**Work required:** From the entries below, transcribe exactly the lines between the line holding "A lone person" and the line holding "Aromatherapy diffuser and", inclusive; skip all other lines.

**Dataset excerpts:**
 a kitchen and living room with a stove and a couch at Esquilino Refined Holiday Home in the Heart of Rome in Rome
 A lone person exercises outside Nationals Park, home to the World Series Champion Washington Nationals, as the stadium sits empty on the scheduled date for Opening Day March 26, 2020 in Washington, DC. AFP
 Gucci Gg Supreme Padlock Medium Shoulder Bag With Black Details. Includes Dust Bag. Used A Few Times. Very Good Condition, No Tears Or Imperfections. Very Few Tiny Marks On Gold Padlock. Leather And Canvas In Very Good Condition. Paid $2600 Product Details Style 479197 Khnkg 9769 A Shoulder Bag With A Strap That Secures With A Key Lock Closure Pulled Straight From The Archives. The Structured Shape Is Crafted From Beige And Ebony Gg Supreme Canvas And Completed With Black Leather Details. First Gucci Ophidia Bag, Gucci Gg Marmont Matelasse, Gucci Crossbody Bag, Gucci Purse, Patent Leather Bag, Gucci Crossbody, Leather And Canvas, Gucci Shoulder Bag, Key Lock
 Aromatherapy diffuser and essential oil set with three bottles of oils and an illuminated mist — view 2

==

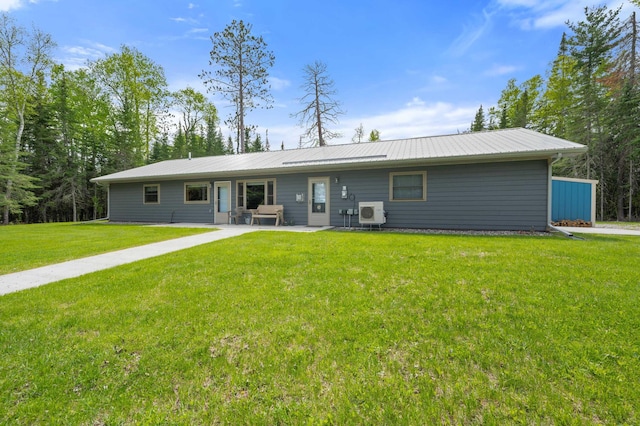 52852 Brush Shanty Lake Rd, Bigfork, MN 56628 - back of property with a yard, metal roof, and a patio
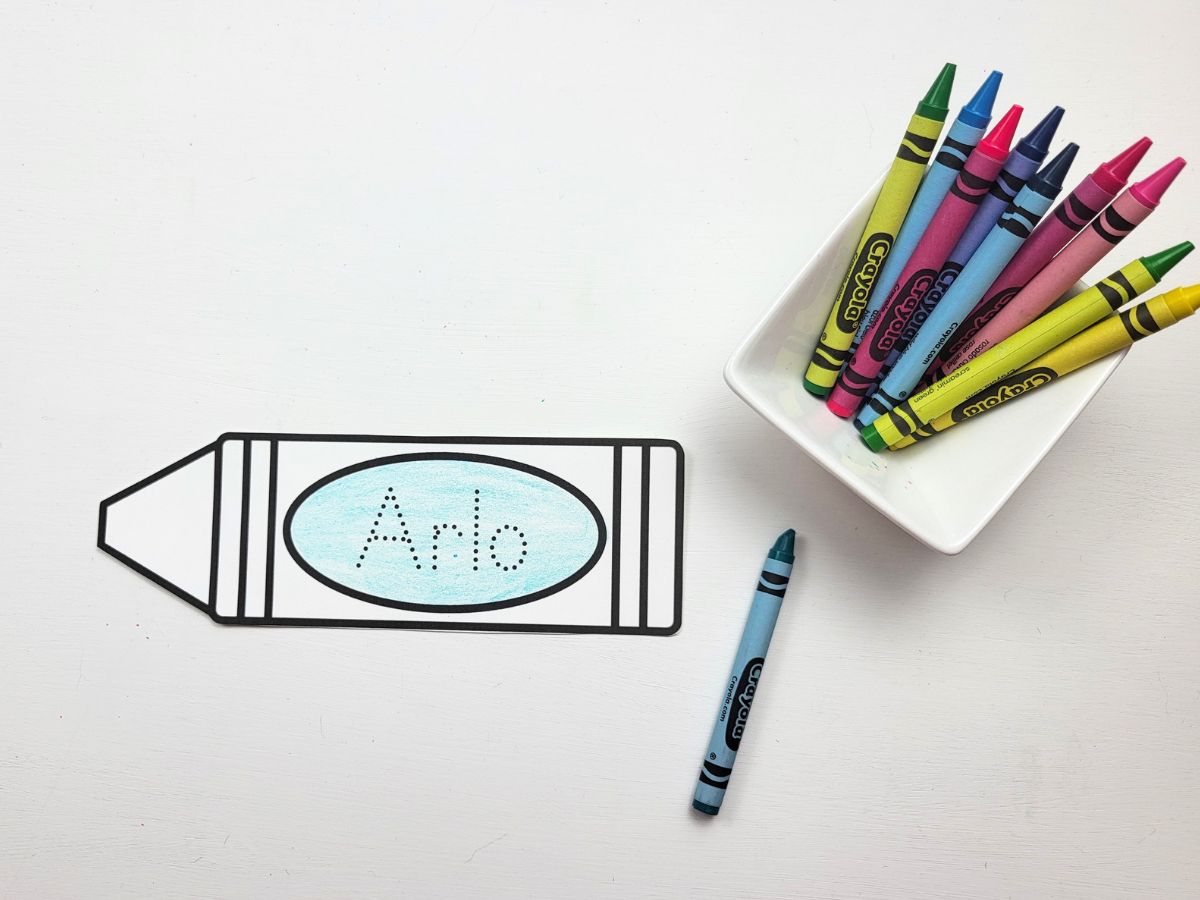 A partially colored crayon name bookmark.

**Solution:**
 A lone person exercises outside Nationals Park, home to the World Series Champion Washington Nationals, as the stadium sits empty on the scheduled date for Opening Day March 26, 2020 in Washington, DC. AFP
 Gucci Gg Supreme Padlock Medium Shoulder Bag With Black Details. Includes Dust Bag. Used A Few Times. Very Good Condition, No Tears Or Imperfections. Very Few Tiny Marks On Gold Padlock. Leather And Canvas In Very Good Condition. Paid $2600 Product Details Style 479197 Khnkg 9769 A Shoulder Bag With A Strap That Secures With A Key Lock Closure Pulled Straight From The Archives. The Structured Shape Is Crafted From Beige And Ebony Gg Supreme Canvas And Completed With Black Leather Details. First Gucci Ophidia Bag, Gucci Gg Marmont Matelasse, Gucci Crossbody Bag, Gucci Purse, Patent Leather Bag, Gucci Crossbody, Leather And Canvas, Gucci Shoulder Bag, Key Lock
 Aromatherapy diffuser and essential oil set with three bottles of oils and an illuminated mist — view 2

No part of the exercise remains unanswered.